Immigrants will now attempting to board without identification documents will be deported automatically, even those traveling from Sweden to Norway or Finland and who refuse to submit an application for asylum there.

These regulations, combined with the next multiple of the terms on Residence, had a direct effect, as the number of new arrivals has decreased significantly since mid-November.

Sweden, 20% of the inhabitants of which originate from overseas, has so far thrown open its doors to refugees.

In 2015 it received more than 160,000 refugees, while this year is expected to receive about 170,000.

However, the Office for Migration issues, which now offers accommodation on a 100 per capita in the country, announced that it had exceeded its powers and asked the government to intervene.

Systematic identification documents checks are expected to have a large impact on transport between Sweden and Denmark, especially in the 8,600 people who make daily service between Copenhagen and Malmö, the third largest city of Sweden.

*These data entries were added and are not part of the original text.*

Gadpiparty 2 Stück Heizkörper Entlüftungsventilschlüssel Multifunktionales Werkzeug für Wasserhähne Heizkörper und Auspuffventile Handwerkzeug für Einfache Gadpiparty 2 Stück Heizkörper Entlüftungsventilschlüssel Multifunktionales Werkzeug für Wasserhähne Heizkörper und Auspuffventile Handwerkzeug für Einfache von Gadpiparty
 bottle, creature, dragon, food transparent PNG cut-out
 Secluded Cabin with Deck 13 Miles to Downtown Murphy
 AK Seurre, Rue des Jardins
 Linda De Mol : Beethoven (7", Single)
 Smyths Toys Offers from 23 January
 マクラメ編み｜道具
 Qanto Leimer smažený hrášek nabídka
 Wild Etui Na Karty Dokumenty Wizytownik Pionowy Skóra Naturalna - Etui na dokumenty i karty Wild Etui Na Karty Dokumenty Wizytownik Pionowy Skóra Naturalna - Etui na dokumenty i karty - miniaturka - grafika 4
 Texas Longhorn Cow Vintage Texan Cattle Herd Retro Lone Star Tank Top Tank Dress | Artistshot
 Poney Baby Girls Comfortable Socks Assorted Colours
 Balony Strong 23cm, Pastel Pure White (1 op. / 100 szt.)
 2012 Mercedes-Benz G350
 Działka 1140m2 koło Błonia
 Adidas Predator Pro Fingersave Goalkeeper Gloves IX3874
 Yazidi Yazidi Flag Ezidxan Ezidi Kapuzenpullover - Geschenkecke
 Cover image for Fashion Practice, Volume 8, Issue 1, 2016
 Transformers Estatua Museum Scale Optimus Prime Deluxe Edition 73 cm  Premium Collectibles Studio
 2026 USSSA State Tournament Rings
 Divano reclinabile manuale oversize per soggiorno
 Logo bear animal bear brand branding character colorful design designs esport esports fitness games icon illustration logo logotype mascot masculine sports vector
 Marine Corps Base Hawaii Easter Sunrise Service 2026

The trains will be operating on the route will be fewer and down and delayed 10 to 50 minutes compared to the usual timetable.

Besides a fence height of two meters and a length of several hundred meters built in Kastrup station to prevent those expelled to swoop on trains departing for Sweden.

"It's like we built a wall of Berlin," said Michael Rantrop, representative of a users association of the bridge of Oresund, the statement which invoked yesterday the Swedish newspaper Dagens Nyheter.

This measure caused great dissatisfaction and Denmark, which last year received only 18,000 applications for asylum and fears that immigrants deported from Sweden will remain in its territory.